**Exercise material**

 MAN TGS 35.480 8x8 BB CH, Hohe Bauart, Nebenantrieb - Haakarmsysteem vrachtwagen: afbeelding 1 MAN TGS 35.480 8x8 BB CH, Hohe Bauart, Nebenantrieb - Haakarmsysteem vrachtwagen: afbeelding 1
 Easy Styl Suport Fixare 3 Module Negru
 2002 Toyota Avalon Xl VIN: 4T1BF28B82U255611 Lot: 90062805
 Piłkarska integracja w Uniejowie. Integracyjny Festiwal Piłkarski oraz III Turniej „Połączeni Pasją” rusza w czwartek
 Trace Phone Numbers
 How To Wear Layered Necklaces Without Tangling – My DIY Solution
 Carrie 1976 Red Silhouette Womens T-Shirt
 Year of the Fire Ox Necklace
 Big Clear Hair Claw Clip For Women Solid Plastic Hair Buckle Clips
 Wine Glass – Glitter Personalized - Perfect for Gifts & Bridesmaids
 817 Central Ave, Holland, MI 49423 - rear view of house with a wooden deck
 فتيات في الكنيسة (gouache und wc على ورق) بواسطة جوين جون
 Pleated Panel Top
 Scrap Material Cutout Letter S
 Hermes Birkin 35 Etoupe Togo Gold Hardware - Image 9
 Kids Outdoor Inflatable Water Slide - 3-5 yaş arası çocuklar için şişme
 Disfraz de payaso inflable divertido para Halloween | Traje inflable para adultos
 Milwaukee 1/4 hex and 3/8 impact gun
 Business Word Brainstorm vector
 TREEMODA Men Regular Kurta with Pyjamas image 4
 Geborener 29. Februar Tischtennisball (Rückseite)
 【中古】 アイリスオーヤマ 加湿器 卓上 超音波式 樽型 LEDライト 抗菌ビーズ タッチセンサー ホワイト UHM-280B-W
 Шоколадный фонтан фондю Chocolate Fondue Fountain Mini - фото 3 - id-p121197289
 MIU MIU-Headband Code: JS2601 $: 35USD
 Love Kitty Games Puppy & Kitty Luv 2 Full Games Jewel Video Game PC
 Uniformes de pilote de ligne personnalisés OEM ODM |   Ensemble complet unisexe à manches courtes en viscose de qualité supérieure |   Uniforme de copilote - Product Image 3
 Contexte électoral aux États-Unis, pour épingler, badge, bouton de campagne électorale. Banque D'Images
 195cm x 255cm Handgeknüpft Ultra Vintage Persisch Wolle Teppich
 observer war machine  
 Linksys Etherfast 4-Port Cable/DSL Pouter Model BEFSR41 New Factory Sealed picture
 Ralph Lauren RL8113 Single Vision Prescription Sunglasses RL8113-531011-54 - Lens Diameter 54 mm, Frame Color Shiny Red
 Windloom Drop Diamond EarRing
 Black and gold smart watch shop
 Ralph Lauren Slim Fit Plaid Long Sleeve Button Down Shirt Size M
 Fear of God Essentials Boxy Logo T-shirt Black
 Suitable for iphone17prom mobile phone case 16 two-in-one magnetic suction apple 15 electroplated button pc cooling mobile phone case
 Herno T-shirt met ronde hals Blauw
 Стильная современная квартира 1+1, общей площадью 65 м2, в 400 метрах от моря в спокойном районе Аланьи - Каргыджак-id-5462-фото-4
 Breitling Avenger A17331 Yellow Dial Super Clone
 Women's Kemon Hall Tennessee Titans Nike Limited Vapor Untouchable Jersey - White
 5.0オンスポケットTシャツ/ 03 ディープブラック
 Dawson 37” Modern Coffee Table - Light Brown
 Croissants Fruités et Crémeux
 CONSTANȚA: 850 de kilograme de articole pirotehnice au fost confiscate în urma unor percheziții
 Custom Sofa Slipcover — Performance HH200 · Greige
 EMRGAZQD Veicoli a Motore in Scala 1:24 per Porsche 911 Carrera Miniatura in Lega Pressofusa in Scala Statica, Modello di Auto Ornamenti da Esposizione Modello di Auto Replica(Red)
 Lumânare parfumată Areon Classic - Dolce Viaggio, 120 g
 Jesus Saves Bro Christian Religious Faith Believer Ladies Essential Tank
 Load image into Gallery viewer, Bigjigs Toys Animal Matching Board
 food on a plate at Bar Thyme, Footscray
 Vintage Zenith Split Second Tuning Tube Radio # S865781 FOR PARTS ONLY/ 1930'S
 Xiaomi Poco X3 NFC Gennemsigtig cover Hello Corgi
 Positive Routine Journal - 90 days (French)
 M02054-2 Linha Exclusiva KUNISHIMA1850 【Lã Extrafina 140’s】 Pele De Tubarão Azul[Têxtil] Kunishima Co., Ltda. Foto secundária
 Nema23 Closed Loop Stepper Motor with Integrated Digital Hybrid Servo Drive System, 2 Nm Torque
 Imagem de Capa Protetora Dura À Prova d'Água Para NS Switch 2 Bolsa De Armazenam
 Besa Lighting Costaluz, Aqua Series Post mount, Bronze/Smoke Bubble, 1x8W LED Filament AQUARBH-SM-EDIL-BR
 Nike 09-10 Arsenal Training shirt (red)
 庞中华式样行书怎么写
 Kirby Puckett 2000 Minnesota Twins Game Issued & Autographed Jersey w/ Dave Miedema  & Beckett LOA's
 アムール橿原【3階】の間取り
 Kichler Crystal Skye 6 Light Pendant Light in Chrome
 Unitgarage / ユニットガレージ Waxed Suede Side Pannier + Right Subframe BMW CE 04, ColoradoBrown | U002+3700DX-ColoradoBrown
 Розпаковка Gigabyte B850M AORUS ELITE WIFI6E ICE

**Problem to work on**
Show all lines in the preceding material that have "Game" in them.

**Solution below**
 Love Kitty Games Puppy & Kitty Luv 2 Full Games Jewel Video Game PC
 Kirby Puckett 2000 Minnesota Twins Game Issued & Autographed Jersey w/ Dave Miedema  & Beckett LOA's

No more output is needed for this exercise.